For redundancy and insurance reasons, backups should be completed as soon as recording media are taken from the camera. If the production needs to recycle the camera media, the backups should be made as soon as the quality check of the downloaded media is complete.

Check with your insurance provider to see how many copies will be needed, in how many different places, before budgeting and shooting. Best practice is to create one copy on external hard drive and two copies on LTO tape.

For organizational simplicity, it is best to back up complete reels to a single piece of media. Spanning clips from a single reel across multiple pieces of media often creates confusion and disruption during the online process. Whenever possible, field audio files should be backed up with the footage they are associated with.

Backups should be checksum verified and reports generated. The DIT station should be loaded with some form of verification software; this is normally the DIT’s personal choice. After the verification is finished, the backup should still be spot checked to confirm that the process was successfully completed.
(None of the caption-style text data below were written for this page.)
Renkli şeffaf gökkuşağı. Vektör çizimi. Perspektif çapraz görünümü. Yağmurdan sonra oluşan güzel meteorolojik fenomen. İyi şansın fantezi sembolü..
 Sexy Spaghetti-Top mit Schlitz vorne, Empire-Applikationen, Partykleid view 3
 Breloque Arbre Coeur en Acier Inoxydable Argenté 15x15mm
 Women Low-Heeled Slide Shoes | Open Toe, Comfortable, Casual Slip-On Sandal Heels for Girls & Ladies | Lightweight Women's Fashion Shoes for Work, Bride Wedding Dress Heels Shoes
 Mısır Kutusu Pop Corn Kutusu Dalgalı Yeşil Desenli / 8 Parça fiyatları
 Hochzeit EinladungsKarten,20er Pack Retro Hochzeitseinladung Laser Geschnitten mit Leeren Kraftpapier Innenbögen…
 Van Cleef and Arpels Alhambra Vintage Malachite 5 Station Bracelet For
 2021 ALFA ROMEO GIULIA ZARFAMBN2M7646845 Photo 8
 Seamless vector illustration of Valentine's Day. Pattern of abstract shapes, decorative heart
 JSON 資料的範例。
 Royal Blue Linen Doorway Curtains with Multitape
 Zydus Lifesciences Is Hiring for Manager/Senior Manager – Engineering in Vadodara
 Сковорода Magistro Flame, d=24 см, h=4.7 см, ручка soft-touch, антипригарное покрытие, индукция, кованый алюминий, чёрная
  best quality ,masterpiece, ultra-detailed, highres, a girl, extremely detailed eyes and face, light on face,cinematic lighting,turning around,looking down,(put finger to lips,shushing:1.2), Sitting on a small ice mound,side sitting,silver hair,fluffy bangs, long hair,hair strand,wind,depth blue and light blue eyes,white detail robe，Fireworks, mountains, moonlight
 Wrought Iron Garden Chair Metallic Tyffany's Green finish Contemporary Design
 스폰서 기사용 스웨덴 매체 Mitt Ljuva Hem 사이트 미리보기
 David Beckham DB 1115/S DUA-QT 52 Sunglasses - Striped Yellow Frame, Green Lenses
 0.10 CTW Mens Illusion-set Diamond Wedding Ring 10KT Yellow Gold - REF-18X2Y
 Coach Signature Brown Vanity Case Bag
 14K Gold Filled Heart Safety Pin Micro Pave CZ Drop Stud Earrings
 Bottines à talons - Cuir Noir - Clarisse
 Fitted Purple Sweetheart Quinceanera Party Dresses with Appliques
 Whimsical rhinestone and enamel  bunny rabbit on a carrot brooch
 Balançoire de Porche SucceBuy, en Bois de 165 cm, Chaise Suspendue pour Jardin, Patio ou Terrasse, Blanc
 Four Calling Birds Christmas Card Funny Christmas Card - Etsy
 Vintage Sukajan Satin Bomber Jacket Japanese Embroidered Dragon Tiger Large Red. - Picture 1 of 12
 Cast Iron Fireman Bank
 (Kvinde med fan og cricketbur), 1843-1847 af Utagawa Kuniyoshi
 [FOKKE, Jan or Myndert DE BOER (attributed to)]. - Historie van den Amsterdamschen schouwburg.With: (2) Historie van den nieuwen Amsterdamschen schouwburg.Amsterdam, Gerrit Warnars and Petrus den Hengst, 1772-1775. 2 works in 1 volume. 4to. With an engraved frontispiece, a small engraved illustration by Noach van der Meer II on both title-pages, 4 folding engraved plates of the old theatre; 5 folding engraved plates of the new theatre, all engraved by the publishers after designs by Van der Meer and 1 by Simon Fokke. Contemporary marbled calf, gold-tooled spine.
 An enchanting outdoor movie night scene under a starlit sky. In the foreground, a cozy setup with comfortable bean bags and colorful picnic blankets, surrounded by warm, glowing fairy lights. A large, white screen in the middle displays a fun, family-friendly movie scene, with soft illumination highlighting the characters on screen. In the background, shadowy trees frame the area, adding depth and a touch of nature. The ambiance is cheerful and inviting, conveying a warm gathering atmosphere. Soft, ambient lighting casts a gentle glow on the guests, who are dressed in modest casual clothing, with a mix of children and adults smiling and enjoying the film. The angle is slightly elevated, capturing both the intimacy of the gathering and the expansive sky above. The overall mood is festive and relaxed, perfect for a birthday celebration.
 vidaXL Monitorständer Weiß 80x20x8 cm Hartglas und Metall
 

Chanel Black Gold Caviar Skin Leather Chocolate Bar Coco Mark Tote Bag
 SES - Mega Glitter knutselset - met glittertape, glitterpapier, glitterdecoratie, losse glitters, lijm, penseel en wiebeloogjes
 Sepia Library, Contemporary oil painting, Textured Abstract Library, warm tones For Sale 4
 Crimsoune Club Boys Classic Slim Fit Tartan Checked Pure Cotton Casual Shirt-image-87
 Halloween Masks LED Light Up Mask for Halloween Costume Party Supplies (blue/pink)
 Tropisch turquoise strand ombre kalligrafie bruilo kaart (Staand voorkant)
Separate copies of all master material created must be stored in different locations and travel back to base by different routes. Once the hard drive and LTO copies are created and verified, one LTO copy should stay with the field office while the other LTO and the hard drive are shipped to the post-production lab or editorial office. Best practice is to ship the LTO and hard drive separately, via different carriers and taking different paths, to ensure at least one copy gets back from the field. The remaining LTOs should be kept in the field and shipped at the end of the location shoot.

Offline proxies should be copied to transport drives in the field, unless they are telecines from film.